§ **Supplied material**:
____________
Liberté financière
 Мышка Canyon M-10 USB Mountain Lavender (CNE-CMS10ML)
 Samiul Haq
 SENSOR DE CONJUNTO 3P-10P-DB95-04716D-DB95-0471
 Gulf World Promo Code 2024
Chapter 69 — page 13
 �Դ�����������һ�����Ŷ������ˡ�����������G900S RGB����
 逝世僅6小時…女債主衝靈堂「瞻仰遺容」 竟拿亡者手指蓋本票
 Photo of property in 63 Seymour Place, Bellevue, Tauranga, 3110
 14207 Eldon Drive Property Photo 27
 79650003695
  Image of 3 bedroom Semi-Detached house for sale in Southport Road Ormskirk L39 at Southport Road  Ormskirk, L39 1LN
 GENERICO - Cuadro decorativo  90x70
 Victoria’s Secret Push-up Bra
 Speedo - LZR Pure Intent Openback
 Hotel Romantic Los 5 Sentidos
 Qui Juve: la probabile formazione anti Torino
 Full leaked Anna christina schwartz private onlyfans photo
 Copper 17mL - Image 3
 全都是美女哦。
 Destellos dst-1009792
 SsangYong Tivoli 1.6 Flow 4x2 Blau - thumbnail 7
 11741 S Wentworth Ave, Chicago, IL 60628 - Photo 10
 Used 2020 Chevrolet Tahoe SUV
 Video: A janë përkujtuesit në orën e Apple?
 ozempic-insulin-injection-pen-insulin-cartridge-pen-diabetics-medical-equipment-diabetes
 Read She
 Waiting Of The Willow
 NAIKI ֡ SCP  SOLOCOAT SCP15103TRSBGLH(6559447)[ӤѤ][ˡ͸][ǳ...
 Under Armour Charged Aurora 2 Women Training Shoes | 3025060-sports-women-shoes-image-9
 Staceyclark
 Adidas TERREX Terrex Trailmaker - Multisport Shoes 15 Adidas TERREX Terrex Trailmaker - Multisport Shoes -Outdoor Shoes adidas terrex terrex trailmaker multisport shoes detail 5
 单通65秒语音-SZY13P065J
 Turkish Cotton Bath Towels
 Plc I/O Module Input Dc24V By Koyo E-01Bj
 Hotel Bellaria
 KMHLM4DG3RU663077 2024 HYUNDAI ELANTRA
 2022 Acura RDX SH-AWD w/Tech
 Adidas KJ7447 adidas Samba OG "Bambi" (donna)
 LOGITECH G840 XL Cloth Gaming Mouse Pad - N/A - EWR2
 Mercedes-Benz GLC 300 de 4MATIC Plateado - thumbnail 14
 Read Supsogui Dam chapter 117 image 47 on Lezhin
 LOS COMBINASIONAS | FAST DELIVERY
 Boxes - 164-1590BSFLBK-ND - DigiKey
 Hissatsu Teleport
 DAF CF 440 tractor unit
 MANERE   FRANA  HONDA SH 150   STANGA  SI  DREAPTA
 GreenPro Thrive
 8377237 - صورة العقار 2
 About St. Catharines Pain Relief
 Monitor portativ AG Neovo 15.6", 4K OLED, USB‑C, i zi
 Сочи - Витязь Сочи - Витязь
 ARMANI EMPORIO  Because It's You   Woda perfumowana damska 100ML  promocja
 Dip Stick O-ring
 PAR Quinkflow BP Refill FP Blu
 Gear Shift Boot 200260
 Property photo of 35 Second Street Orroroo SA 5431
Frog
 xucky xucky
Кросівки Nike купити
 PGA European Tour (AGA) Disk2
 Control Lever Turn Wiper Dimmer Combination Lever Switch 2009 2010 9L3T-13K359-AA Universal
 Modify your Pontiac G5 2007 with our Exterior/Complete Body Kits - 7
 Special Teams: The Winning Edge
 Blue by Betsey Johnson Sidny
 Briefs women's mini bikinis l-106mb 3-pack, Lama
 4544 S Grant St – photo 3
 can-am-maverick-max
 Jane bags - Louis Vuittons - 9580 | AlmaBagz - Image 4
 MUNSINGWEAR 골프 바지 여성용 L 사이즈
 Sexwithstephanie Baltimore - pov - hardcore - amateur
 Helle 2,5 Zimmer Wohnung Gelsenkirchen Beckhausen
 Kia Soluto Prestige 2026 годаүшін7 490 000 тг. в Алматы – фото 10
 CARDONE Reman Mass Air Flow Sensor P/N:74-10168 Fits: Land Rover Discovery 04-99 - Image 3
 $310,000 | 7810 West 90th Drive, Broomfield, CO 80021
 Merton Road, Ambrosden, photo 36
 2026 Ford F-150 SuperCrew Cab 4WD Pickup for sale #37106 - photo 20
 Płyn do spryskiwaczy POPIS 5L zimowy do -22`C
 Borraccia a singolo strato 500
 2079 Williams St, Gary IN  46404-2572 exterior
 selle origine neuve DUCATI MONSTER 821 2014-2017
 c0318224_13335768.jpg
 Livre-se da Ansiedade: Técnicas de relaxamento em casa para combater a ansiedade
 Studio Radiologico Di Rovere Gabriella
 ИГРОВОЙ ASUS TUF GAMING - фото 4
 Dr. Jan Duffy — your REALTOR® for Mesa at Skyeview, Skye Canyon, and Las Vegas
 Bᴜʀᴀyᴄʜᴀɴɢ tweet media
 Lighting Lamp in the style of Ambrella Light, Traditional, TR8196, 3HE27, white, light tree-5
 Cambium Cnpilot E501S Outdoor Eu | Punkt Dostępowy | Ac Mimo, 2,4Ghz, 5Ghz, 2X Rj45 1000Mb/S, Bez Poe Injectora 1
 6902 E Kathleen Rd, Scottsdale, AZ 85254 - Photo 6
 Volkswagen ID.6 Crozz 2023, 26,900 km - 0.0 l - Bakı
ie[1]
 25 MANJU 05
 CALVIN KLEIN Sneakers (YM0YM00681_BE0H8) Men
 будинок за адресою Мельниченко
____________
§ **What this task involves**:
Match on "sale": copy every line in the records that has it.

§ **Your solution**:
  Image of 3 bedroom Semi-Detached house for sale in Southport Road Ormskirk L39 at Southport Road  Ormskirk, L39 1LN
 2026 Ford F-150 SuperCrew Cab 4WD Pickup for sale #37106 - photo 20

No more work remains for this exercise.